Dataset extract ->
+++++

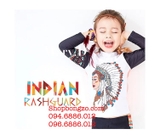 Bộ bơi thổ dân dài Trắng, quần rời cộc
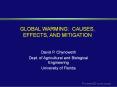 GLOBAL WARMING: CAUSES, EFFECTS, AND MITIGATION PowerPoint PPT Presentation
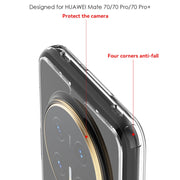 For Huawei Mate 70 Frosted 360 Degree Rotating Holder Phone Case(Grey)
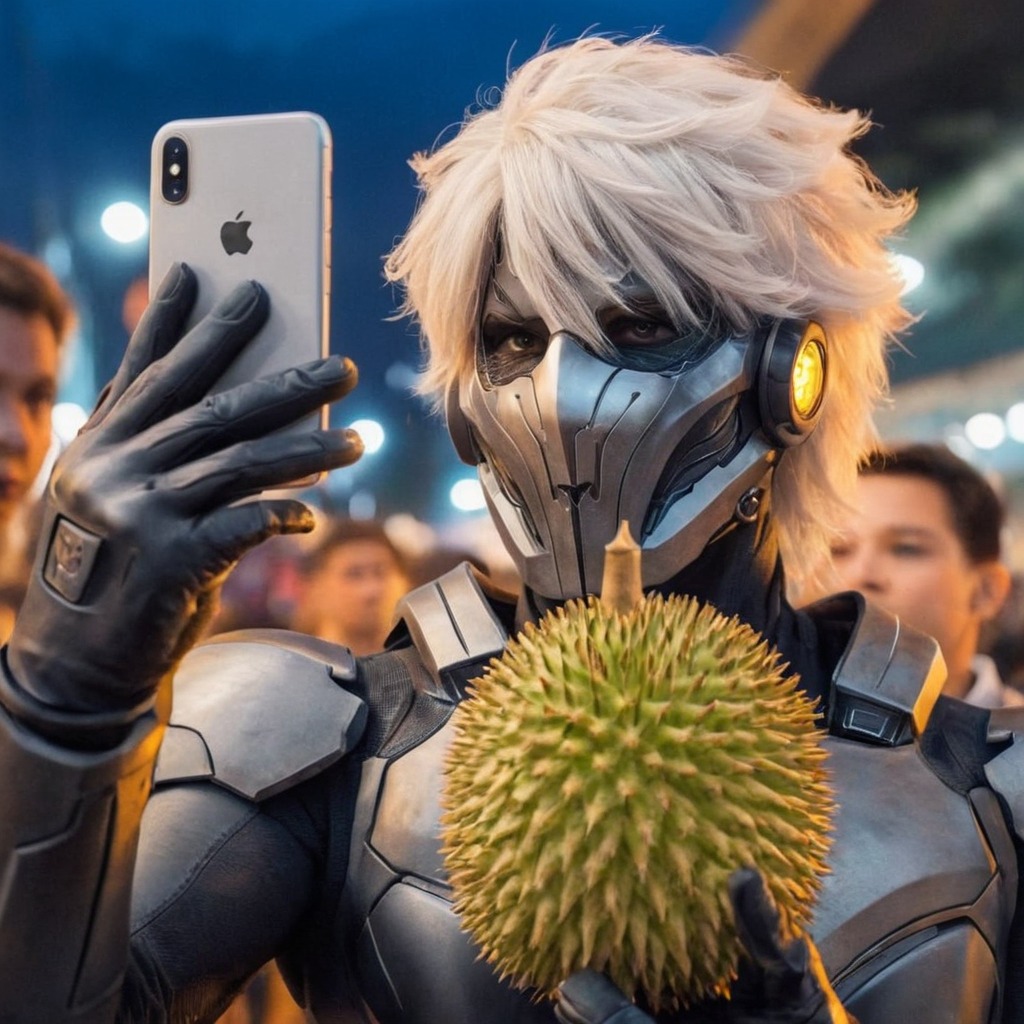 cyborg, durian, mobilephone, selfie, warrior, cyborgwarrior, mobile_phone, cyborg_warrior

+++++

What you should do -> Please output every line of the listing as it stands, and omit its images.

Task answer ->
 Bộ bơi thổ dân dài Trắng, quần rời cộc
 GLOBAL WARMING: CAUSES, EFFECTS, AND MITIGATION PowerPoint PPT Presentation
 For Huawei Mate 70 Frosted 360 Degree Rotating Holder Phone Case(Grey)
 cyborg, durian, mobilephone, selfie, warrior, cyborgwarrior, mobile_phone, cyborg_warrior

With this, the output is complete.